Свободно, без всякой наносной предвзятости подойти сегодня к классическому тексту — в этом заключается и трудность и удовлетворение.

Легче было, когда пришел Чехов и принес такую пьесу, которая нам, нашему тогда новому делу нужна была, так сказать, жизненно. Мы говорили тогда, что искусство актера заштамповалось, что надо освободить его от закостенелости и штампа. Для этого нужна простая речь, для этого нужен автор, стремящийся к такой же простоте и жизненности, к какой стремимся мы, режиссеры и актеры театра. И вот пришел Чехов и стал одним из создателей этого искусства.

А здесь мы берем пьесу, в которой не все свободно от нереалистических традиций даже в смысле отношения автора к быту и к идеологии и которая к тому же еще заключена в стихотворную форму, что составляет громадную трудность для театра, пьесу, которая облеплена, как {453} крейсер, стоящий у пристани в течение нескольких лет, «ракушками», от которых трудно избавиться.

Вот это все усложняет задачу и создания спектакля и сохранения стиля автора,

Я отвлекаюсь от «Горя от ума» и останавливаюсь на вопросе о стиле. Помню такой случай. Как-то молодежь ставила отрывки и сыграла чеховский рассказ «Хористка». Фабула там такая: хористка, полупроститутка живет с чиновником; однажды он подарил ей серебряное колечко; у него семья, жена; жена, узнав о подарке, решает, что он разоряется на эту связь, приходит сама к хористке и упрекает ее в том, что она губит семью; та в слезы: вот кольцо это, возьмите… И даже свое собственное колечко отдает. Вот этот отрывок они сыграли. Я посмотрел и говорю: это не Чехов. И с постановщиком у меня пошел такой разговор:

— Вы так понимаете Чехова? Это живые чувства?

— Да, живые.

— У нее (актрисы, игравшей жену) живые чувства, она простая, искренняя?

— Да.

— Но она — не-чеховская. Почему она играла сильную драму? Все сочувствие зрителя невольно переходит на нее. Любая актриса с хорошим драматическим нервом начнет играть такую страдающую жену, возьмет задачу «я — страдающая жена», искренно заживет этим страданием и непременно возбудит огромное сочувствие. А у автора огромное сочувствие на стороне хористки. Жена же в этом рассказе для него — истеричка, от которой всякий муж убежит. А ваша исполнительница отдалась поверхностным задачам: страдающая жена пошла к сопернице и изливает свей чувства в драматическом монологе. Это не Чехов. Это неверно. И получилось кривое зеркало.

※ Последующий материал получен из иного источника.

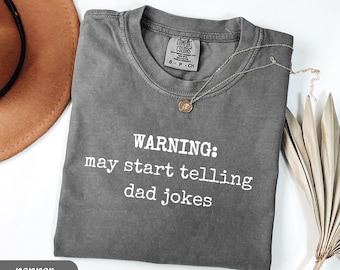 May include: Pepper-colored t-shirt with the text "WARNING: may start telling dad jokes" in white. The shirt has a crew neck and short sleeves. A gold necklace with a pendant is draped on the shirt. A brown hat is in the background.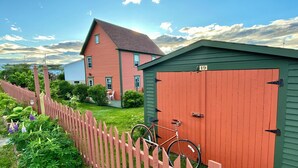 Une grange rouge avec un toit vert, un vélo garé devant et une clôture blanche entourant la propriété.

Или другой пример. Готовили «Волки и овцы». Говорят: «Мурзавецкая — умная женщина». А по-моему, вовсе она не умная, такая же вздорная баба, как и другие, старая дева. «Нет, она ворочает делами, значит, умная», — возражают мне.

Да, она ворочает делами, как человек более или менее ловкий. Но главное у Островского заключается в том, что вся сущность Мурзавецкой создана окружающей ее затхлой жизнью, которая непоколебимо чтит рабство, барскую палку, господа бога, чудеса. «В книге оказались деньги — будем верить, что это чудо!» — говорит эта {454} жизнь. Да и спокойнее это, чем искать, как они там очутились. Это и дает настоящего Островского, всю тину описанного им быта, стиль, идущий от самого текста пьесы.

И есть другое отношение к Островскому — как его играли в Малом театре. Малый театр — создатель писателя Островского. Малый театр замечательно воссоздал и сохранил самые лучшие качества Островского в смысле языка, юмора и т. д. Малый театр создал целый ряд важнейших бытовых образов Островского еще при его жизни и сохранил традицию исполнения этих образов. Отсюда получился так называемый «стиль Островского». Но это не Островский-писатель, а Островский в Малом театре. Этот стиль стараются сохранить опять-таки известным подражанием, преемственностью, традицией.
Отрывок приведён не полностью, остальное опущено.